PROBLEM TO WORK ON: Exact copy, pictures excluded: please retype the lines from the start of the material through the line containing "Female students students", both ends included, and nothing more.
◆ ◆ ◆
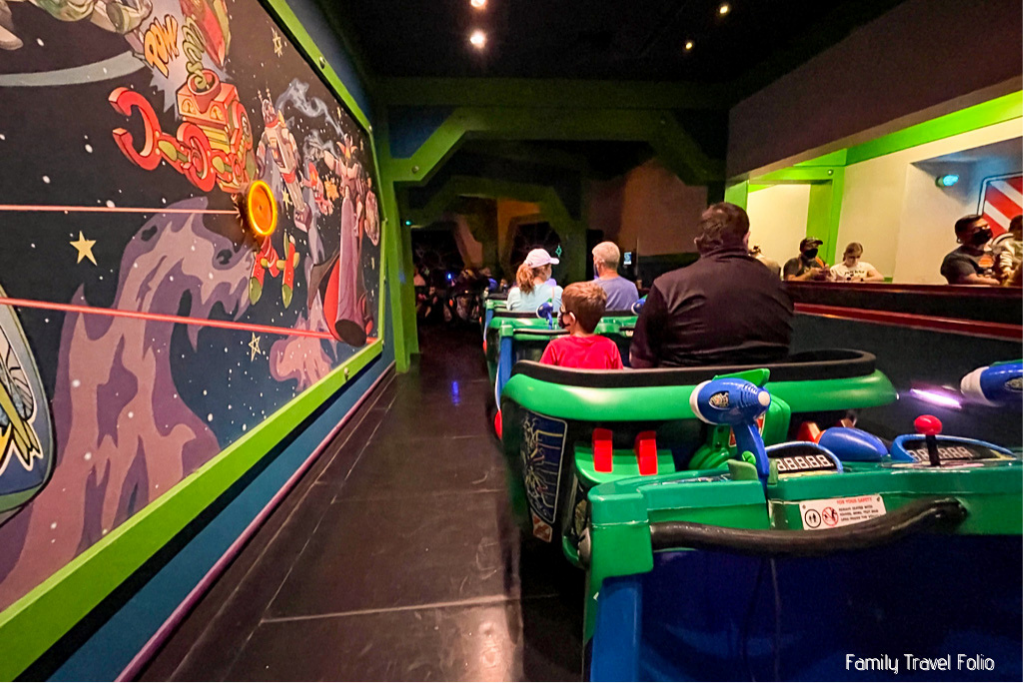 Astro Blasters at Dinseyland, the beginning of the ride with an Emperor Zurg mural to the left and the line to the right.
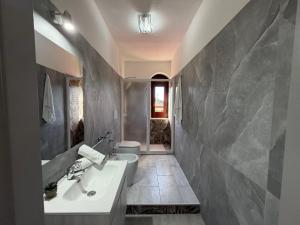 a bathroom with a white sink and a toilet at Casa Relax in Gaggi +10 photos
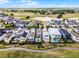 Aerial view showcasing homes with private pools bordering a picturesque green golf course at 1523 Corolla Ct, Reunion, FL 34747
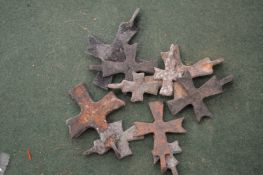 Small bronze Roman crosses.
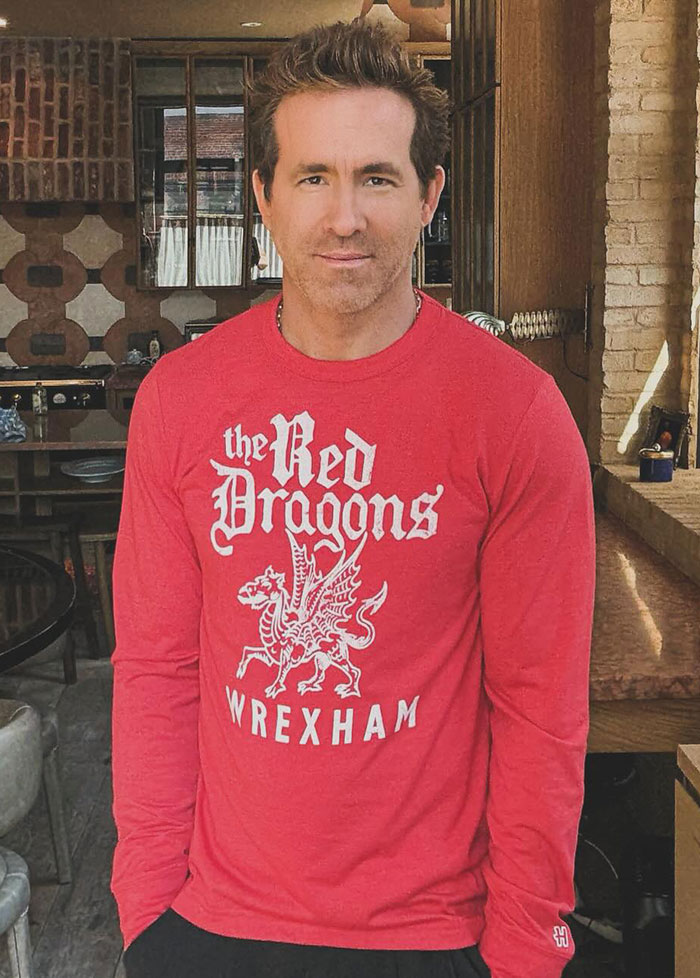 Man wearing a red long-sleeve shirt indoors, relating to Ryan Reynolds legal battle and texts from Justin Baldoni.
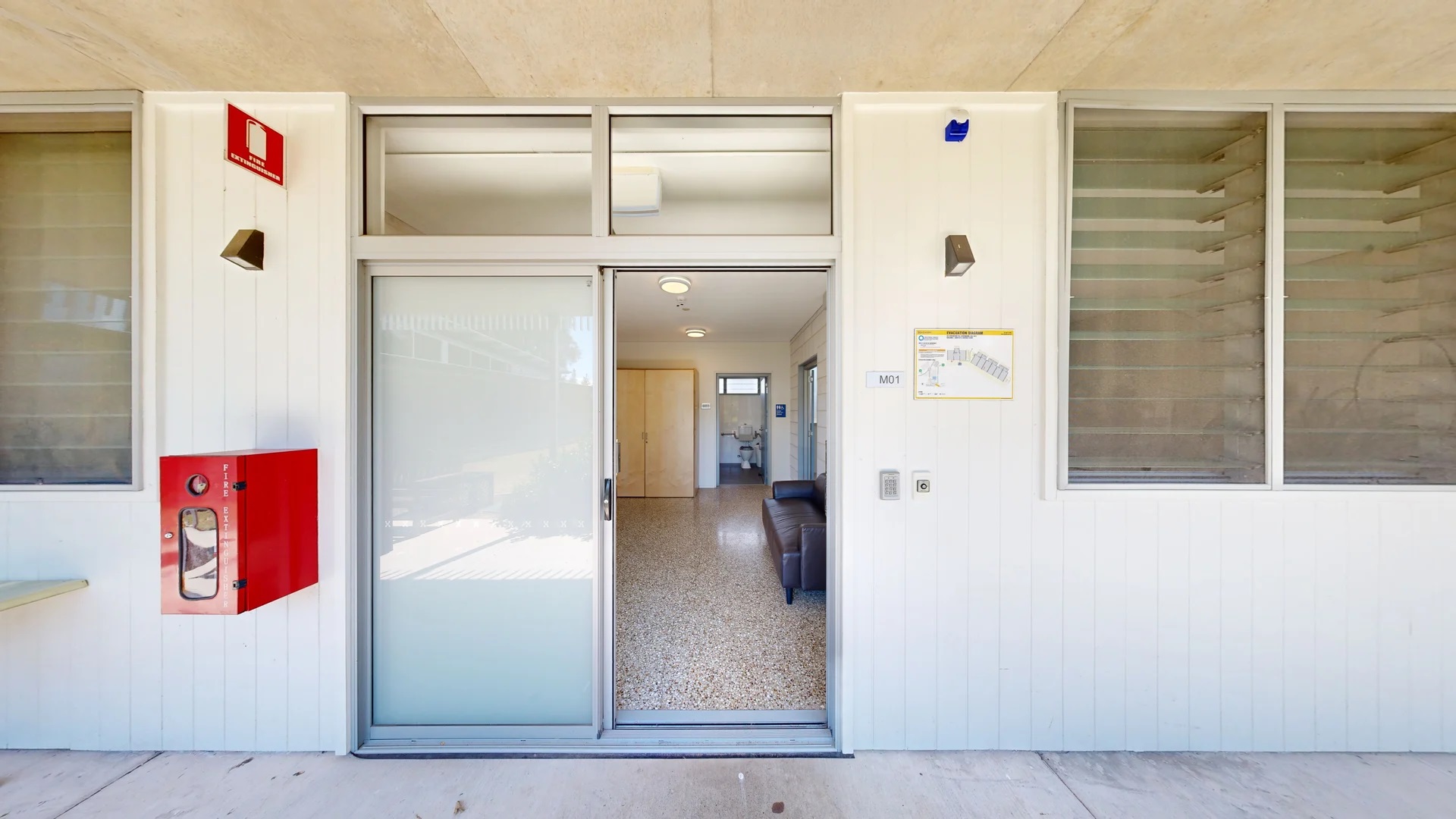 To the left, there is a bright red fire extinguisher box mounted on the wall, and beside it, a small, flat ledge. The entrance features a glass door leading into a well-lit interior with a light-coloured tiled floor. On the right, a series of large windows allow natural light inside, while a wall-mounted light fixture is positioned near the entrance. Inside, a sofa is visible in the foreground, facing an open doorway that leads to a bathroom in the background. To the left, there is a bright red fire extinguisher box mounted on the wall, and beside it, a small, flat ledge. The entrance features a glass door leading into a well-lit interior with a light-coloured tiled floor. On the right, a series of large windows allow natural light inside, while a wall-mounted light fixture is positioned near the entrance. Inside, a sofa is visible in the foreground, facing an open doorway that leads to a bathroom in the background.
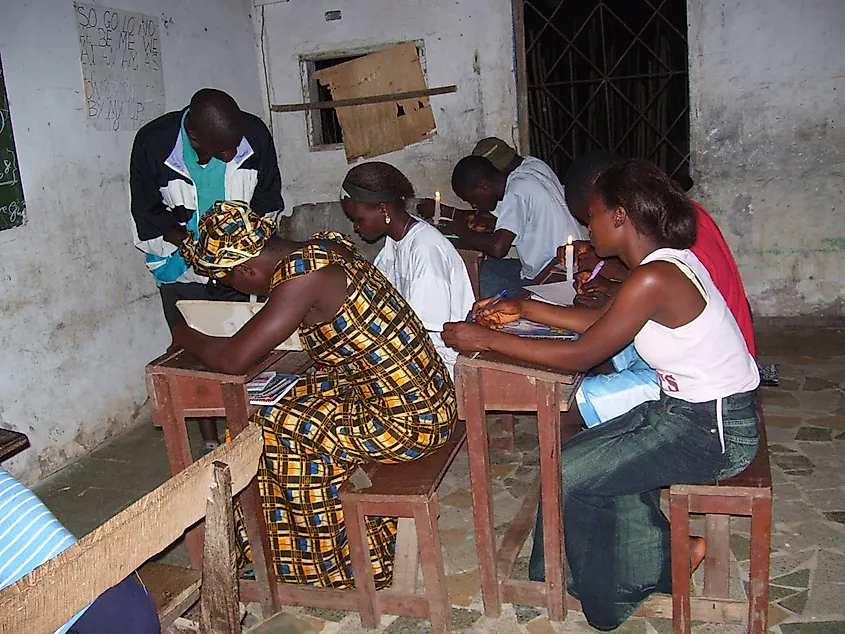 Female students students studying by candlelight in a Liberian school in Bong County.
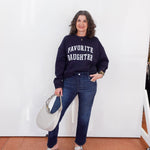 Woman wearing a navy sweatshirt with 'FAVORITE DAUGHTER' text, holding a white handbag against a white wall.
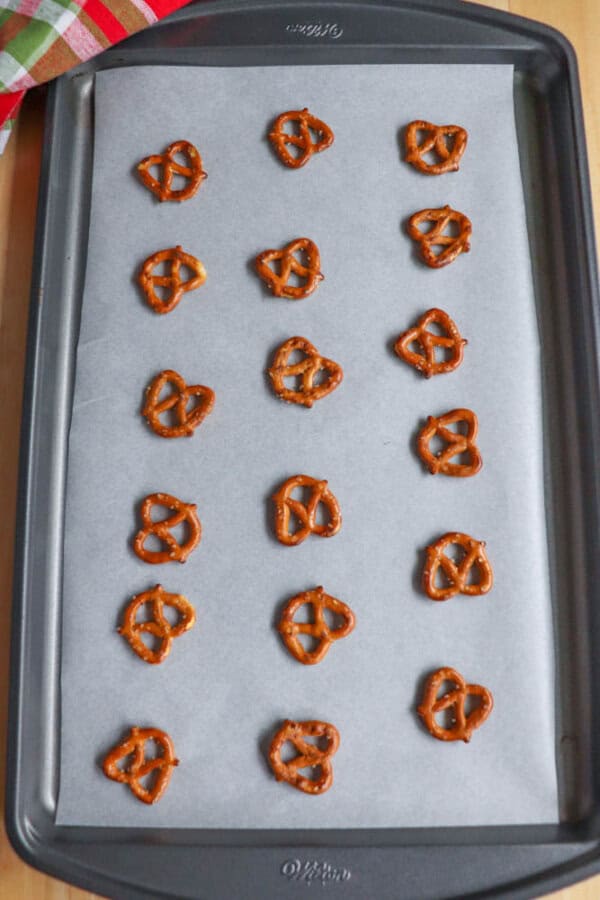 A baking tray lined with parchment paper holds five rows of small pretzel twists, evenly spaced. A colorful checkered cloth is partially visible in the upper left corner.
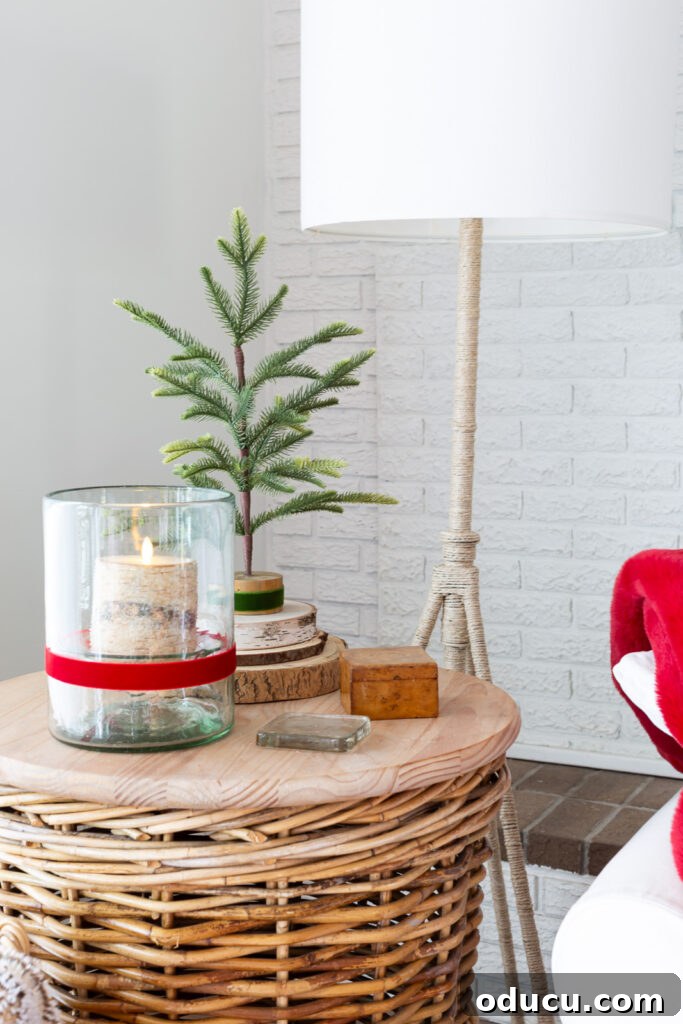 My Christmas Home: Timeless Memories, Not Trends 12 a round wicker basket side table decorated in a simple way for Christmas.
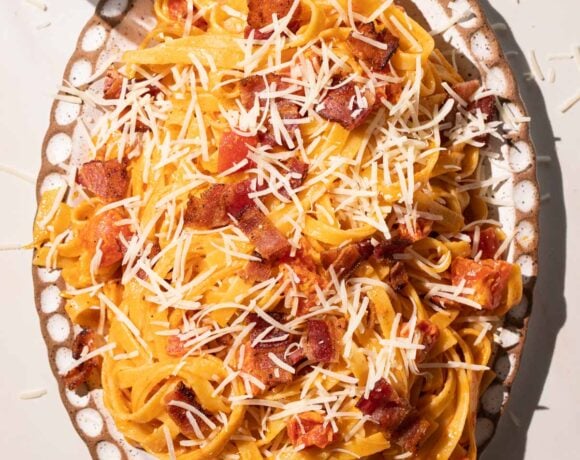 Creamy Tomato bacon pasta on a pottery plate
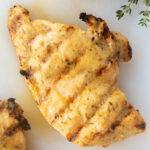 Top down shot of a grilled dijon chicken breast on a white cutting board with cut lemons and fresh thyme surrounding it.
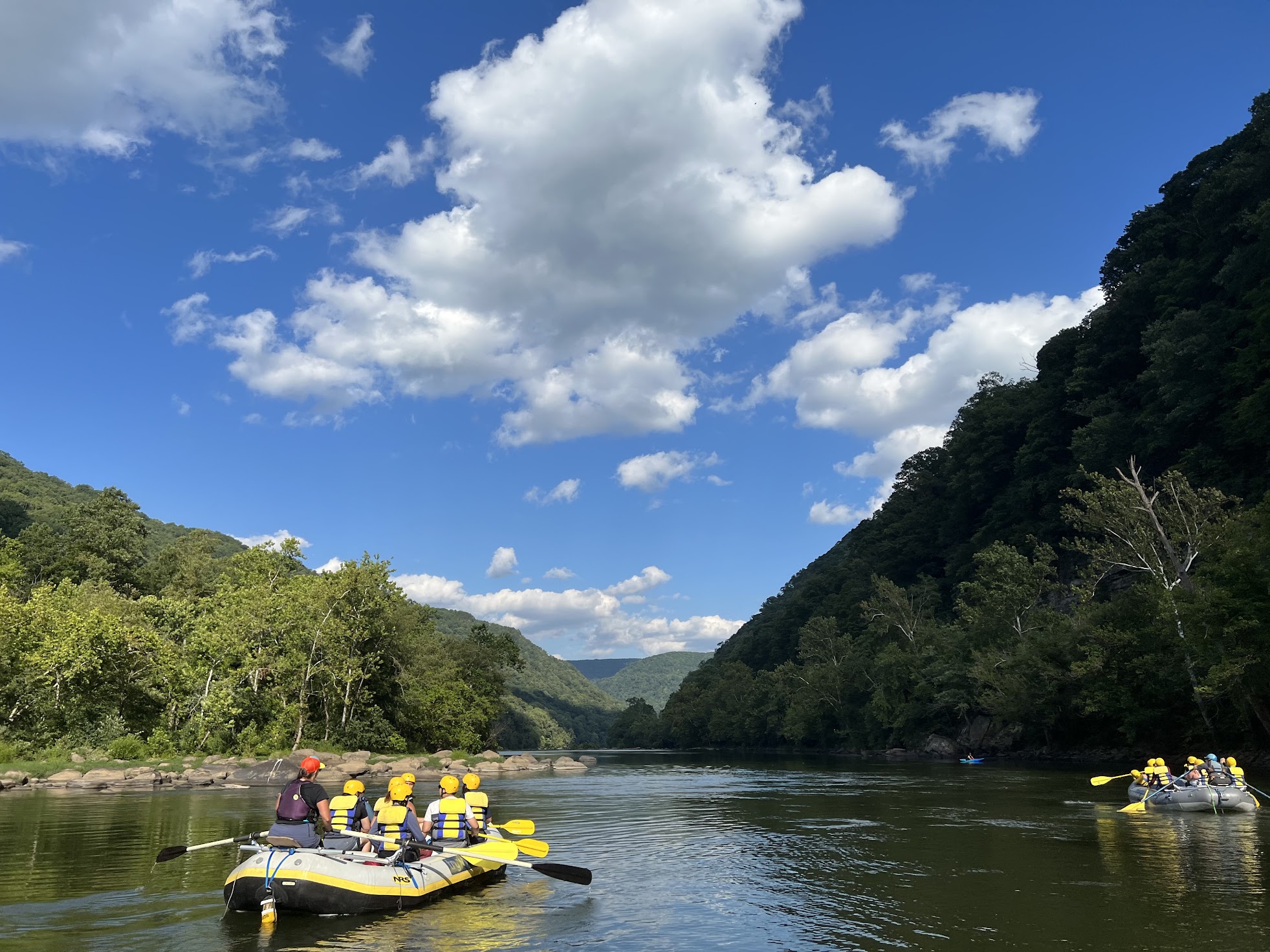 #1 Gentle Float Trips a boat floating along a river next to a body of water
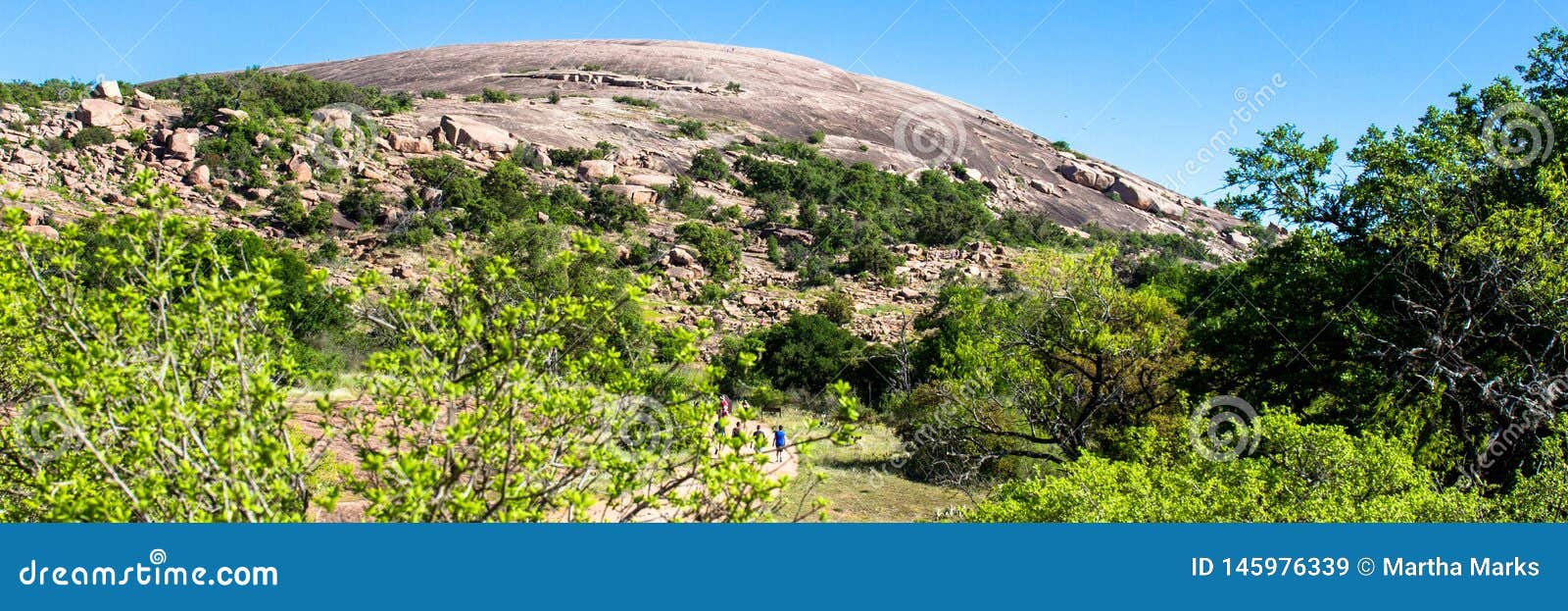 hikers at enchanted rock state natural area in texas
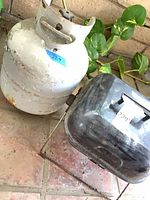 White propane cylinder and black portable grill side by side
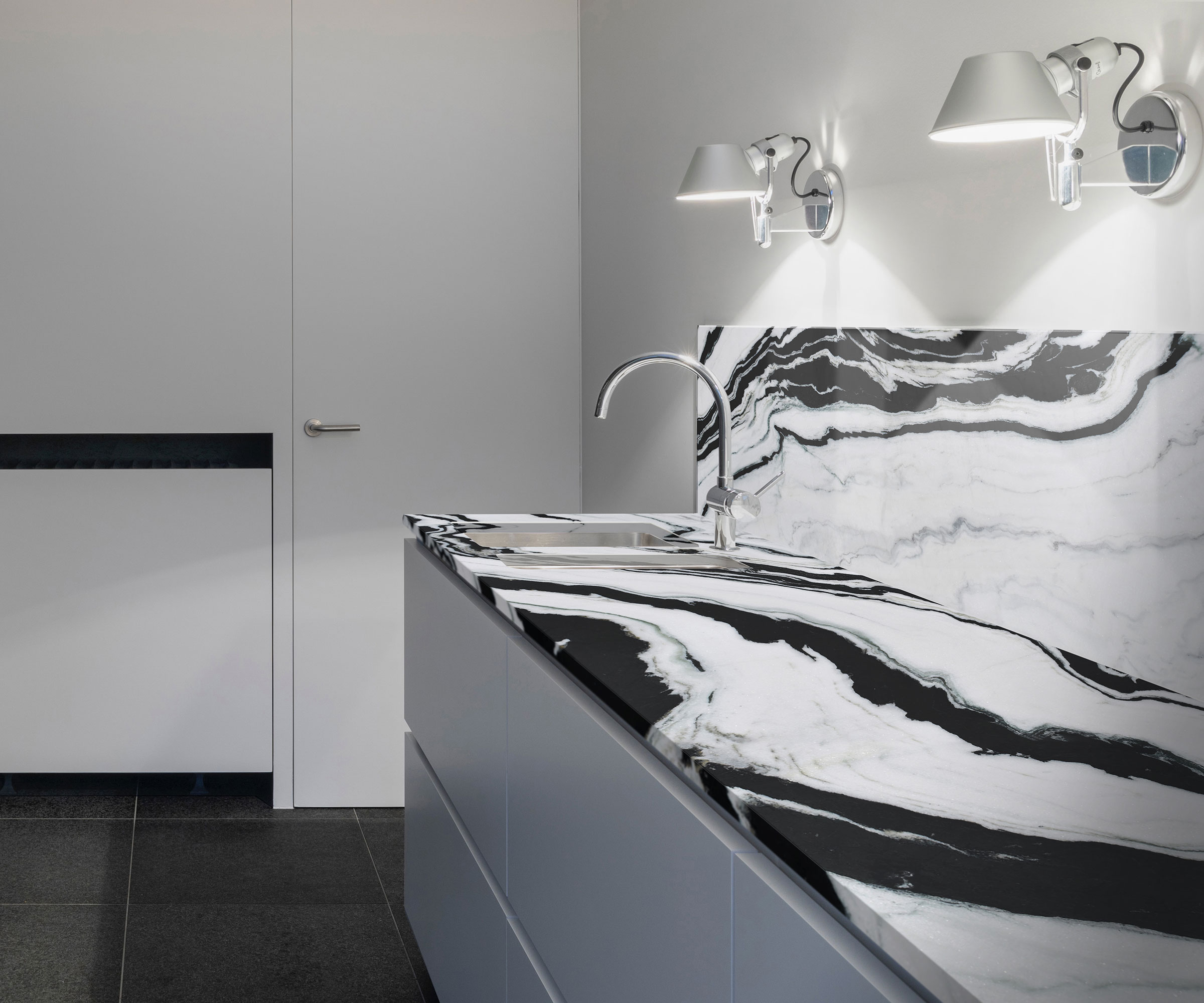 modern white kitchen with Panda Marble worktop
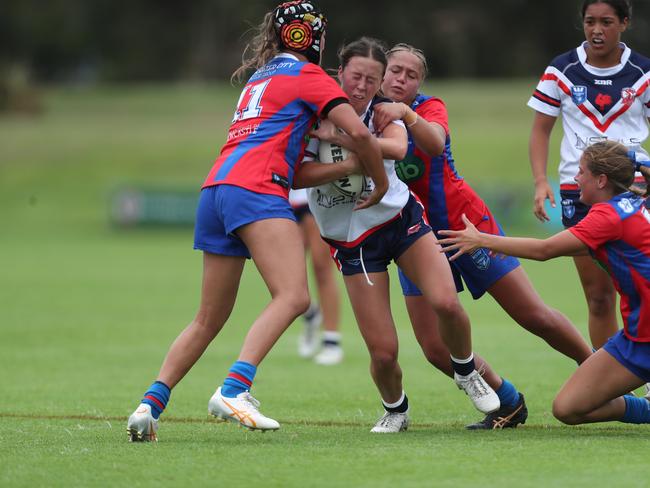 Jayda Durham is tackled by Lily Porter. Picture: Sue Graham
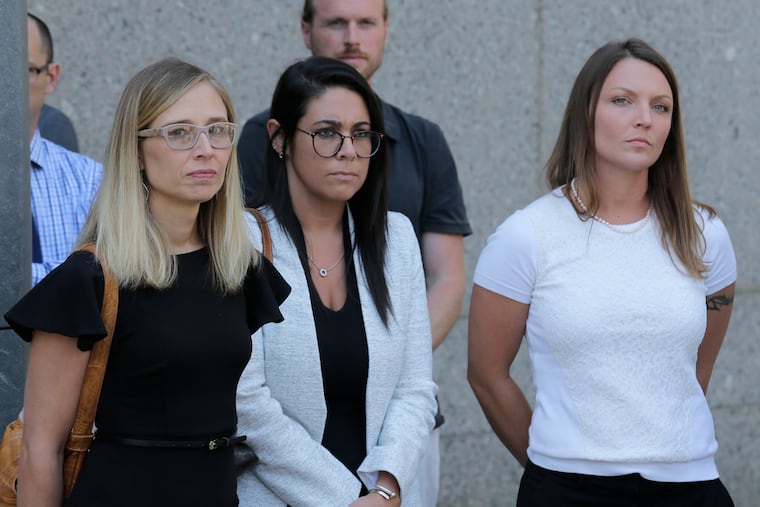 Annie Farmer, left, and Courtney Wild, right, accusers of Jeffery Epstein, stand with an attorney's assistant (center) outside the courthouse in New York, Monday, July 15, 2019. Financier Jeffrey Epstein was found dead in his jail cell on Saturday, August 10, 2019.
◆ ◆ ◆
SOLUTION FOR THIS PROBLEM:
 Astro Blasters at Dinseyland, the beginning of the ride with an Emperor Zurg mural to the left and the line to the right.
 a bathroom with a white sink and a toilet at Casa Relax in Gaggi +10 photos
 Aerial view showcasing homes with private pools bordering a picturesque green golf course at 1523 Corolla Ct, Reunion, FL 34747
 Small bronze Roman crosses.
 Man wearing a red long-sleeve shirt indoors, relating to Ryan Reynolds legal battle and texts from Justin Baldoni.
 To the left, there is a bright red fire extinguisher box mounted on the wall, and beside it, a small, flat ledge. The entrance features a glass door leading into a well-lit interior with a light-coloured tiled floor. On the right, a series of large windows allow natural light inside, while a wall-mounted light fixture is positioned near the entrance. Inside, a sofa is visible in the foreground, facing an open doorway that leads to a bathroom in the background. To the left, there is a bright red fire extinguisher box mounted on the wall, and beside it, a small, flat ledge. The entrance features a glass door leading into a well-lit interior with a light-coloured tiled floor. On the right, a series of large windows allow natural light inside, while a wall-mounted light fixture is positioned near the entrance. Inside, a sofa is visible in the foreground, facing an open doorway that leads to a bathroom in the background.
 Female students students studying by candlelight in a Liberian school in Bong County.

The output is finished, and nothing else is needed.